» **EXCERPTED DATA**
BEGIN
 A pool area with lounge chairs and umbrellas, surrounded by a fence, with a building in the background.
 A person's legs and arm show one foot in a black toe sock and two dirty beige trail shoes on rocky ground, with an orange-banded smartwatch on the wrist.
END
BEGIN
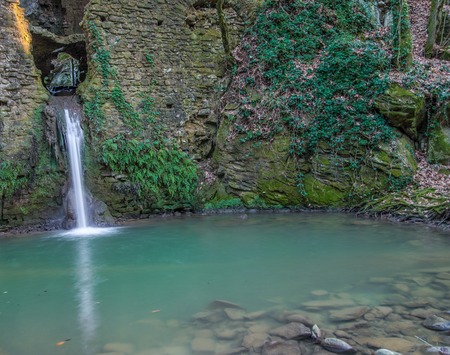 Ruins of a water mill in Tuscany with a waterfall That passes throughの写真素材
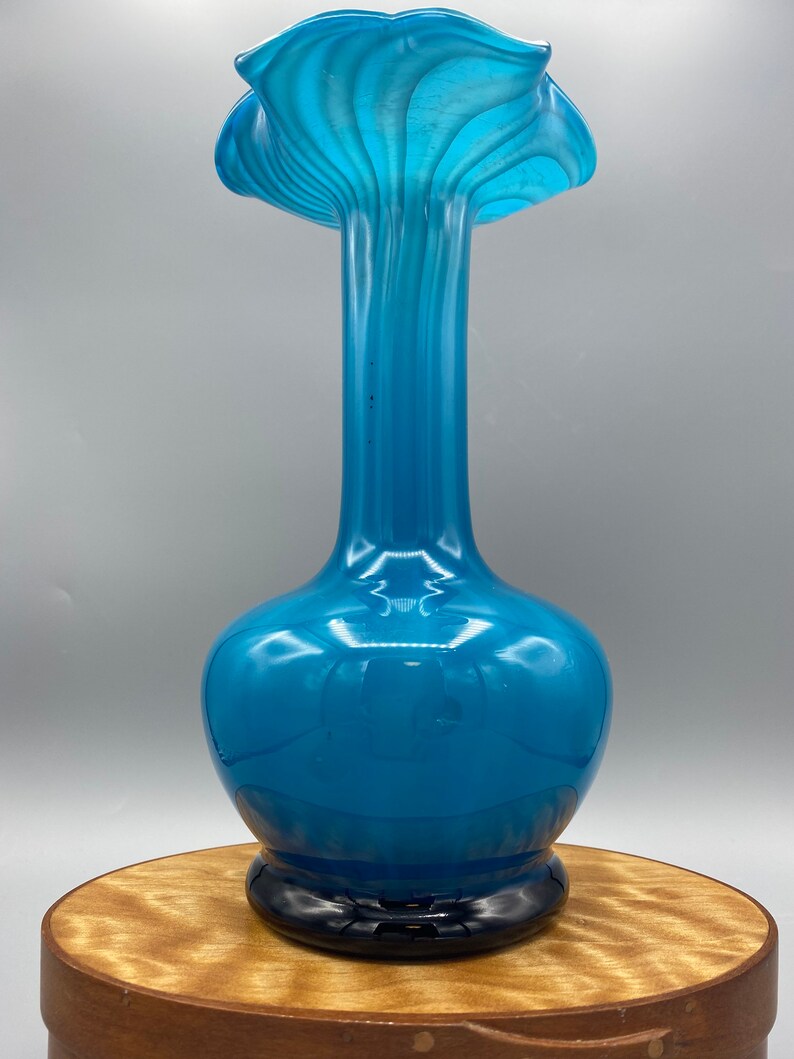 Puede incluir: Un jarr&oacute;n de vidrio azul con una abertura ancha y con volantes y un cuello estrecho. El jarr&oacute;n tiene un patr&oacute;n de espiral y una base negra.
END
BEGIN
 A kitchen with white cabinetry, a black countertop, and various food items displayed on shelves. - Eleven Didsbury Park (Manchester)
END
» **TO DO**
From the records given above, copy all lines containing "black".

» **FINISHED TASK**
 A person's legs and arm show one foot in a black toe sock and two dirty beige trail shoes on rocky ground, with an orange-banded smartwatch on the wrist.
 A kitchen with white cabinetry, a black countertop, and various food items displayed on shelves. - Eleven Didsbury Park (Manchester)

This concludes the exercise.